Exercise goal – I need the lines below from the one with "Roofer on a" down to the one with "living room with light" reproduced exactly, both ends included, and nothing else.

Given data –
◆ ◆ ◆ ◆

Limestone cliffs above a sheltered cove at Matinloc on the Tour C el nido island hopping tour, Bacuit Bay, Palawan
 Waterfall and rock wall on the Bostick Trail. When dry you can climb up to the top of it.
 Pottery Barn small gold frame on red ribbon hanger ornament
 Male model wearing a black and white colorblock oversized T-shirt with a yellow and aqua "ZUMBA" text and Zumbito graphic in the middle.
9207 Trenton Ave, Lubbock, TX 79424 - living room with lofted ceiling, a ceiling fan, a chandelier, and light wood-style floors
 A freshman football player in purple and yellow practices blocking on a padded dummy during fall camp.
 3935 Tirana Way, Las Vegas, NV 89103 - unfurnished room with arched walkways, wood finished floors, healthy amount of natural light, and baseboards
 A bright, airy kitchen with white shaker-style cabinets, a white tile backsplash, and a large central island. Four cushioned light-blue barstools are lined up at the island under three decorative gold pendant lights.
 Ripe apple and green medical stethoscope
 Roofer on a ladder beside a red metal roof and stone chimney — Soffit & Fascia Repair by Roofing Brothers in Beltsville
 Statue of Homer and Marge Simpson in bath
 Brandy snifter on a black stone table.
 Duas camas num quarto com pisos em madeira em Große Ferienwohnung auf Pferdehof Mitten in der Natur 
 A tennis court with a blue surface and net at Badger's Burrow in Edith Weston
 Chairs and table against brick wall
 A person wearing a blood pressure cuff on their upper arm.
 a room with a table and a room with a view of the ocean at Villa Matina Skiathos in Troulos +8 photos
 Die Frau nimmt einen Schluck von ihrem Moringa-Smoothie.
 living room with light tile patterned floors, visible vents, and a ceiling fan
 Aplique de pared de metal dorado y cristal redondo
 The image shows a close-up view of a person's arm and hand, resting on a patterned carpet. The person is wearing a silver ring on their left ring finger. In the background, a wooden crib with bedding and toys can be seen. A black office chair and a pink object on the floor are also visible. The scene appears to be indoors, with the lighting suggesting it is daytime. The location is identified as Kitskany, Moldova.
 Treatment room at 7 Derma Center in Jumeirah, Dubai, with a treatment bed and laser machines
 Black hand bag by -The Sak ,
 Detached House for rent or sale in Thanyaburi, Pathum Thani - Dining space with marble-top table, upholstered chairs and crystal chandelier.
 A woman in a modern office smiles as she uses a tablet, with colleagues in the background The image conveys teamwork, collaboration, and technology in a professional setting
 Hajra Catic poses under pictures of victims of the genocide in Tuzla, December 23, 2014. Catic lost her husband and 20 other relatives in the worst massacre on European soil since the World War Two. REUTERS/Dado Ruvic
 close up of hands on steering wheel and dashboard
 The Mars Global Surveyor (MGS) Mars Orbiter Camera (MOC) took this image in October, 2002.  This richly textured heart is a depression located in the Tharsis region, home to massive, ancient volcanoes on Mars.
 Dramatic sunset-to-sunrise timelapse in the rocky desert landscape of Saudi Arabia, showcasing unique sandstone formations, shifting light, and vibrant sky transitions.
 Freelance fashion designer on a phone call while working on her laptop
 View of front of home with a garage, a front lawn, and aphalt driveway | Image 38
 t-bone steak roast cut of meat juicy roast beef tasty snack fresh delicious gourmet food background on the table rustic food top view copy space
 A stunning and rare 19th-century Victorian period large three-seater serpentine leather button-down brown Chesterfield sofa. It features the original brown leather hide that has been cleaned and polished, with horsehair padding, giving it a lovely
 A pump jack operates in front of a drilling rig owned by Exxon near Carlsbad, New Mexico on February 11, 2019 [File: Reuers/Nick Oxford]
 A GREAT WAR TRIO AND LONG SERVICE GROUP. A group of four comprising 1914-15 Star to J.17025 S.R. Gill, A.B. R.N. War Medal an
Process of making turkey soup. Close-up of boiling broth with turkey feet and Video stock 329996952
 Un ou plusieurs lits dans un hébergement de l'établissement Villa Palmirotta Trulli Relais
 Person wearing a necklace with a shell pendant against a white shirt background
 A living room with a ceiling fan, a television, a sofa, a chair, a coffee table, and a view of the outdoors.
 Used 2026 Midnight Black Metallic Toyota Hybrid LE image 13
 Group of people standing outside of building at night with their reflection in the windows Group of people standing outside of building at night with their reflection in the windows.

◆ ◆ ◆ ◆

Reply –
 Roofer on a ladder beside a red metal roof and stone chimney — Soffit & Fascia Repair by Roofing Brothers in Beltsville
 Statue of Homer and Marge Simpson in bath
 Brandy snifter on a black stone table.
 Duas camas num quarto com pisos em madeira em Große Ferienwohnung auf Pferdehof Mitten in der Natur 
 A tennis court with a blue surface and net at Badger's Burrow in Edith Weston
 Chairs and table against brick wall
 A person wearing a blood pressure cuff on their upper arm.
 a room with a table and a room with a view of the ocean at Villa Matina Skiathos in Troulos +8 photos
 Die Frau nimmt einen Schluck von ihrem Moringa-Smoothie.
 living room with light tile patterned floors, visible vents, and a ceiling fan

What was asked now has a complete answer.